### Import the necessary libraries

In [0]:
import nltk
import string
from pyspark.sql.column import Column
from pyspark.sql import functions as F
from nltk.stem import WordNetLemmatizer
from pyspark.sql.functions import array_contains
from pyspark.ml.feature import Tokenizer, StopWordsRemover, StringIndexer
from pyspark.sql.types import StringType, ArrayType, StructType, StructField

### Configure NLTK Data Path

In [0]:
def setup_nltk_data_path():

  nltk_data_path = '/dbfs/nltk_data'  

  if nltk_data_path not in nltk.data.path:
    
    nltk.data.path.append(nltk_data_path)

### Load and Filter Reddit Comments Data from CSV File

In [0]:
schema = StructType([
    StructField('comment', StringType(), True),
])

df = spark.read.schema(schema).csv('/mnt/2024-team20/reddit comments/politics_comments.csv')

df = df.filter(F.col('comment').isNotNull())

df = df.distinct()

### Define Regular Expressions for Text Cleaning

In [0]:
def remove_pattern(col: Column, pattern: str) -> Column:
    return F.regexp_replace(col, pattern, "")

url_pattern = r'http\S+|www\S+|https\S+'
handle_pattern = r'@\w+'
hashtag_pattern = r'#\w+'
numerical_pattern = r'\d+'
punctuation_pattern = r'^[^\w\s]+|[^\w\s]+$'
emoji_pattern = "[" \
                u"\U0001F600-\U0001F64F" \
                u"\U0001F300-\U0001F5FF" \
                u"\U0001F680-\U0001F6FF" \
                u"\U0001F700-\U0001F77F" \
                u"\U0001F780-\U0001F7FF" \
                u"\U0001F800-\U0001F8FF" \
                u"\U0001F900-\U0001F9FF" \
                u"\U0001FA70-\U0001FAFF" \
                u"\U00002702-\U000027B0" \
                u"\U000024C2-\U0001F251" \
                u"\U0001F1E0-\U0001F1FF" \
                "]+"

### Clean Text Data by Removing URLs, Handles, Hashtags, and Other Patterns

In [0]:
df_clean = df.withColumn('clean_comments', F.col('comment'))
df_clean = df_clean.withColumn('clean_comments', remove_pattern(F.col('clean_comments'), url_pattern))
df_clean = df_clean.withColumn('clean_comments', remove_pattern(F.col('clean_comments'), handle_pattern))
df_clean = df_clean.withColumn('clean_comments', remove_pattern(F.col('clean_comments'), hashtag_pattern))
df_clean = df_clean.withColumn('clean_comments', remove_pattern(F.col('clean_comments'), numerical_pattern))
df_clean = df_clean.withColumn('clean_comments', remove_pattern(F.col('clean_comments'), punctuation_pattern))
df_clean = df_clean.withColumn('clean_comments', remove_pattern(F.col('clean_comments'), emoji_pattern))

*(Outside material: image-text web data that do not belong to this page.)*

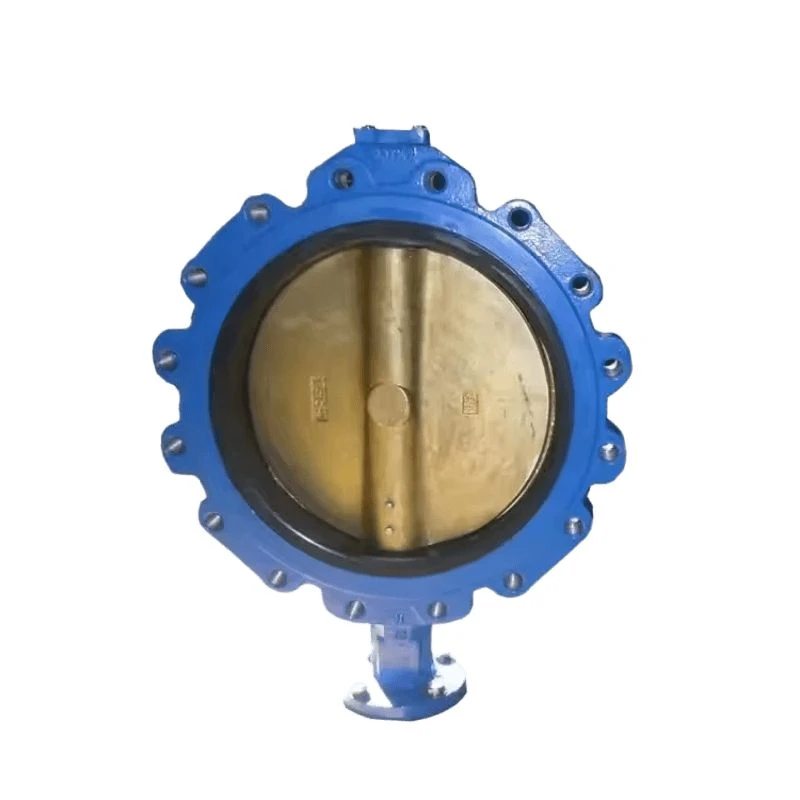 Vacuum Application Butterfly Valve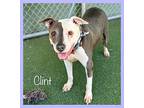 Clint (see Also Labella), American Staffordshire Terrier For Adoption In Holly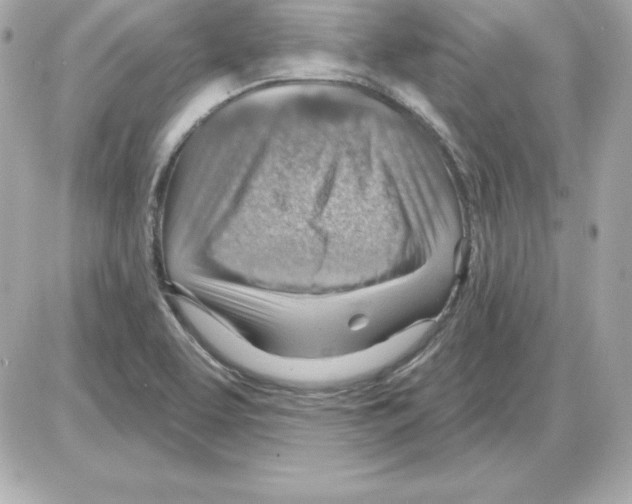 X0000085241463200704092011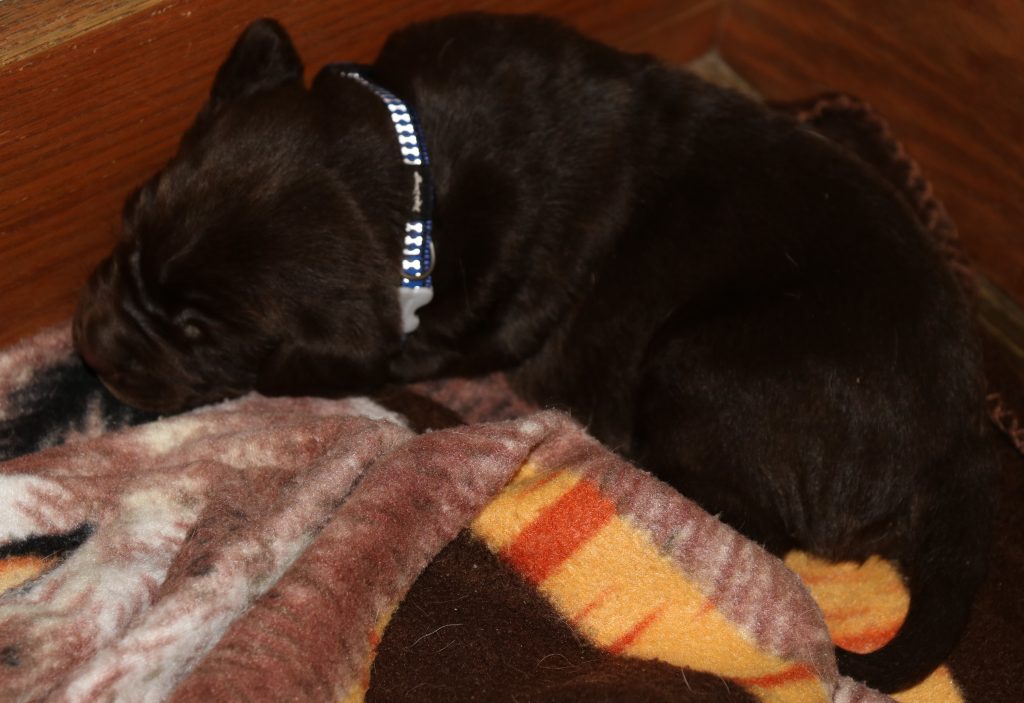 CHOCOLATE MALE BLUE COLLAR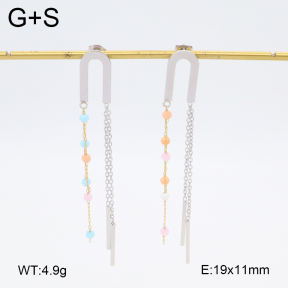 2E4004524baka-698  Stainless Steel Earrings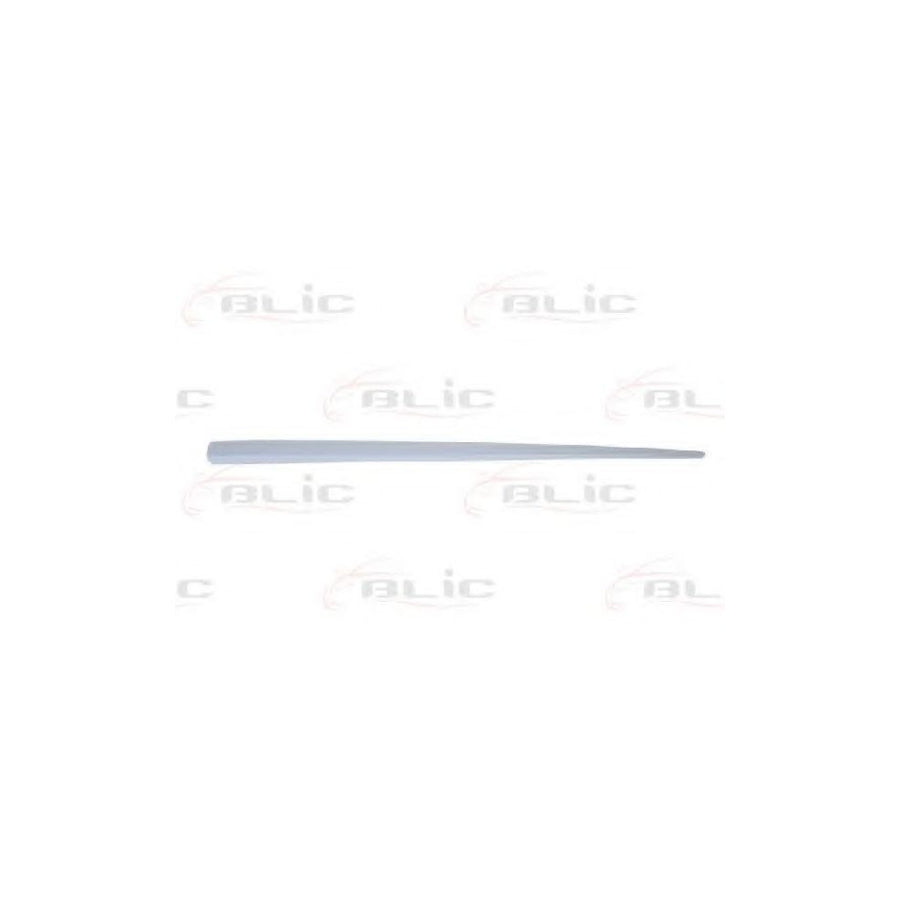 Blic 5703-04-2023562Pp Door Molding for Fiat Punto II Hatchback (188)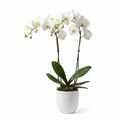 Orchidea Phalaenopsis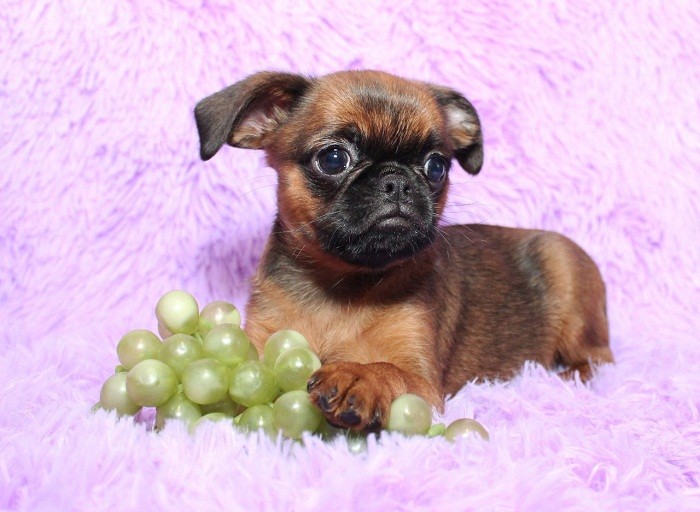 Щенки пти брабансон Как выбрать щенка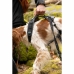 Dog Harness SYMBIOZ Black M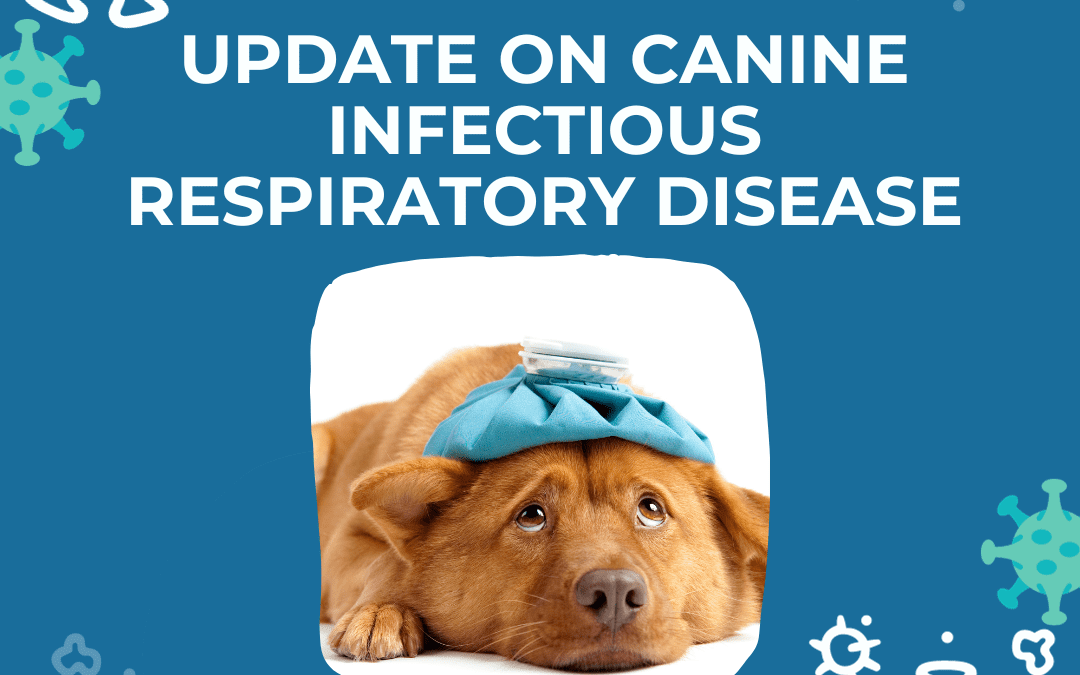 New form of canine infectious respiratory disease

### Filter Reddit Comments with Insufficient Word Count

In [0]:
df_clean = df_clean.filter(F.size(F.split(df_clean.clean_comments, '\\s+')) > 3)

### Tokenize and Clean Reddit Comments Tokens

In [0]:
tokenizer = Tokenizer(inputCol = 'clean_comments', outputCol = 'tokens')

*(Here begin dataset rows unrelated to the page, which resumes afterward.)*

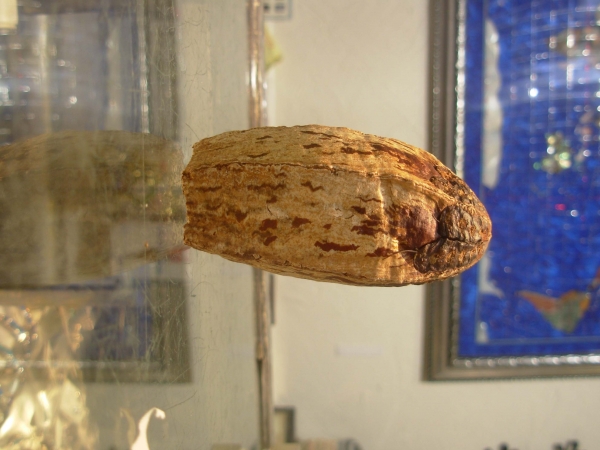 Creation of Nut VS Pine Cone: Step 3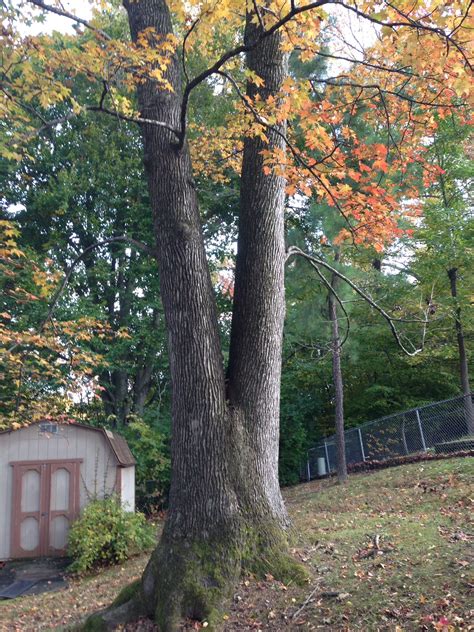 Sweet Gum Tree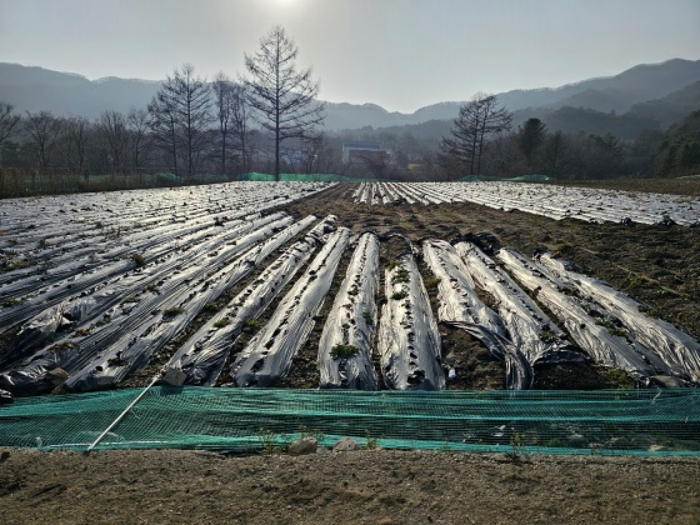 일련번호(3) 북동측 전경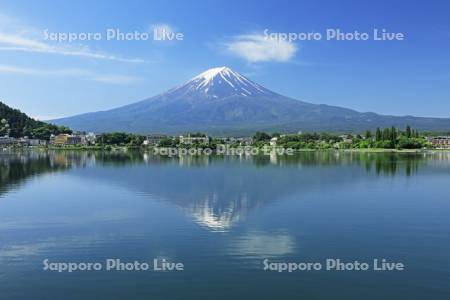新緑の河口湖から富士山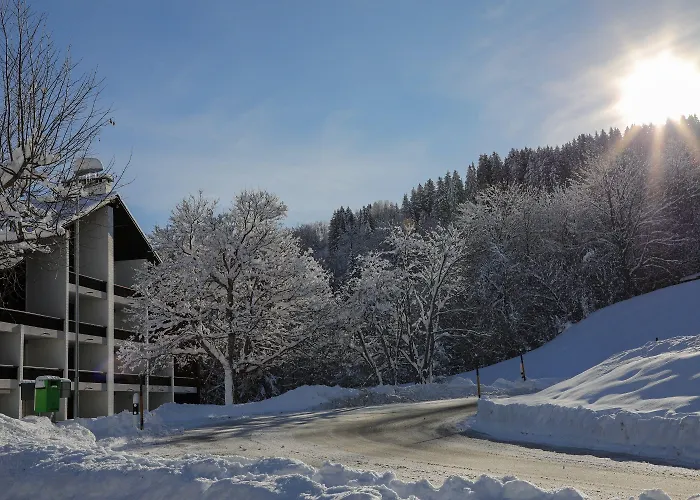 Alpenlodge Val Gronda 3* Obersaxen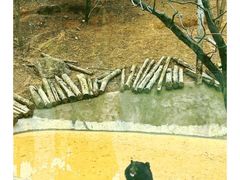 -泉州海丝野生动物世界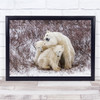 polar bear Cubs Wildlife Cute Nature Animals Wall Art Print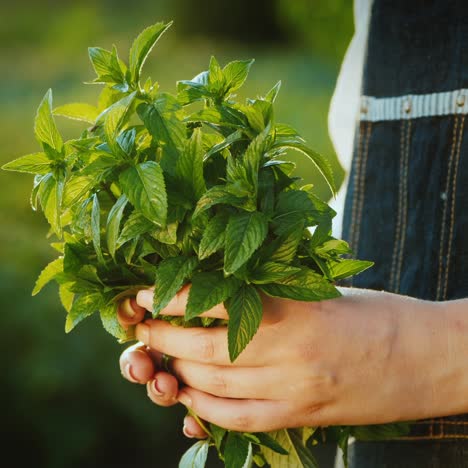 side view of a farmer holding a handful of mint - an ingredient in cooking and cocktail preparation 1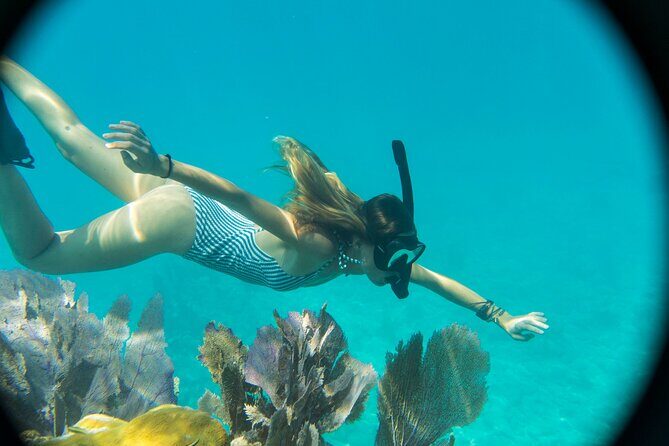 Kayak + Guided Snorkel & Morning Sail hosted by Honest Eco - Key Points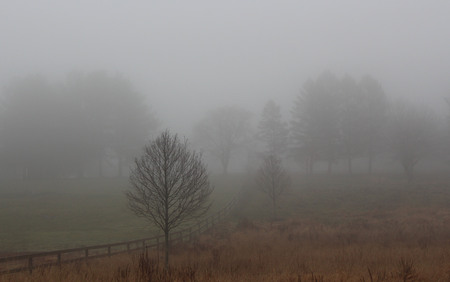 Foggy Tree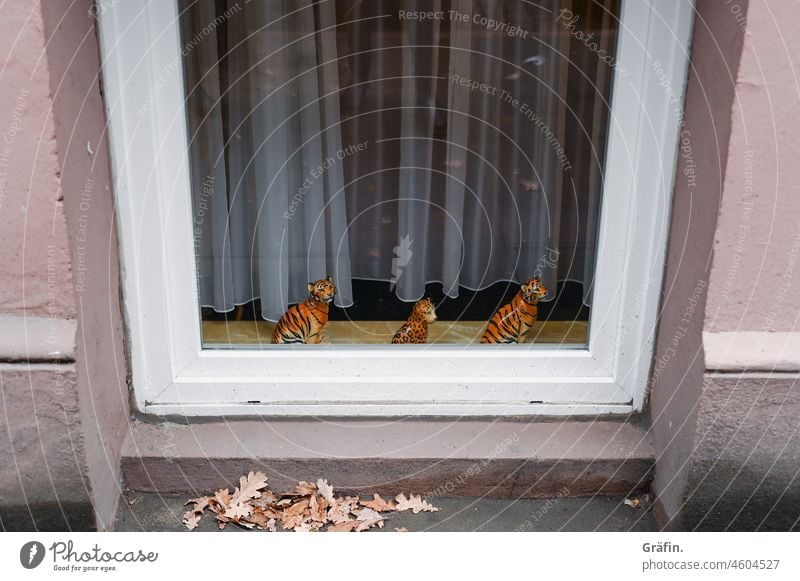Fensterkitsch - 3 Porzellantiger sitzen im Jahr des Tigers auf einer Fensterbank in einer Souterrain Wohnung kitschig Kitsch altmodisch Dekoration Farbfoto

df_tokens = tokenizer.transform(df_clean)

df_tokens = df_tokens.withColumn('tokens_cleaned', F.expr("filter(tokens, x -> x IS NOT NULL AND x != '')"))

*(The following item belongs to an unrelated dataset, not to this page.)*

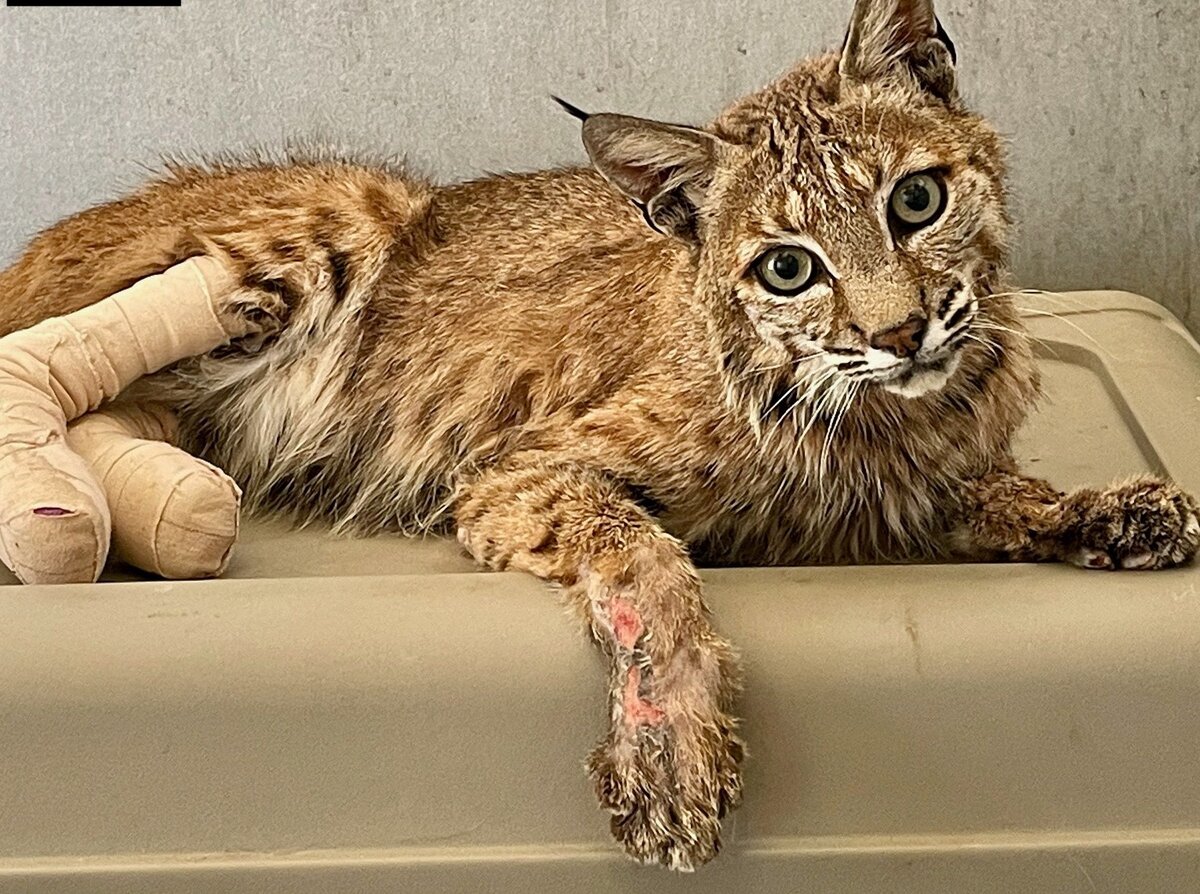 Bobcatburn.jpg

### Removal of Unnecessary Comment by the Reddit Team

In [0]:
# remove unnecessary comments produced by reddit team
df_tokens = df_tokens.filter(~array_contains(df_tokens['tokens_cleaned'], "bot"))

### Remove Stop Words and Filter Empty Tokens

In [0]:
remover = StopWordsRemover(inputCol = 'tokens_cleaned', outputCol = 'filtered_tokens')

df_filtered = remover.transform(df_tokens)

df_filtered = df_filtered.filter(F.size(F.col('filtered_tokens')) > 0)

### Refine Tokens by Stripping Punctuation

In [0]:
def clean_array(arr):

    cleaned_arr = []

    for item in arr:

        item = item.strip(string.punctuation)

        if item:

            cleaned_arr.append(item)
            
    return cleaned_arr
  
clean_array_udf = udf(clean_array, ArrayType(StringType()))

df_filtered = df_filtered.withColumn('filtered_tokens', clean_array_udf(F.col('filtered_tokens')))

### Filter Comments to Retain Only Those with Sufficient Content

In [0]:
df_filtered = df_filtered.filter(F.size(df_filtered['filtered_tokens']) >= 4)

### Apply Lemmatization to Standardize Token Forms

In [0]:
def lemmatize_words(words):

  setup_nltk_data_path()

  lemmatizer = WordNetLemmatizer()

  return [lemmatizer.lemmatize(word) for word in words]

lemmatize_words_udf = udf(lemmatize_words, ArrayType(StringType()))

df_lemmatized = df_filtered.withColumn('lemmatized_tokens', lemmatize_words_udf(F.col('filtered_tokens')))

### Filter Out Empty Token Lists After Lemmatization

In [0]:
df_lemmatized = df_lemmatized.filter(F.size(F.col('lemmatized_tokens')) > 0)

### Remove Unnecessary Columns

In [0]:
columns_to_drop = ['clean_comments', 'tokens', 'tokens_cleaned', 'filtered_tokens']

final_df = df_lemmatized.drop(*columns_to_drop)

### Export the Final Dataset to Parquet Format

In [0]:
final_df.write.mode('overwrite').parquet('/mnt/2024-team20/cleaned_reddit_comments_parquet')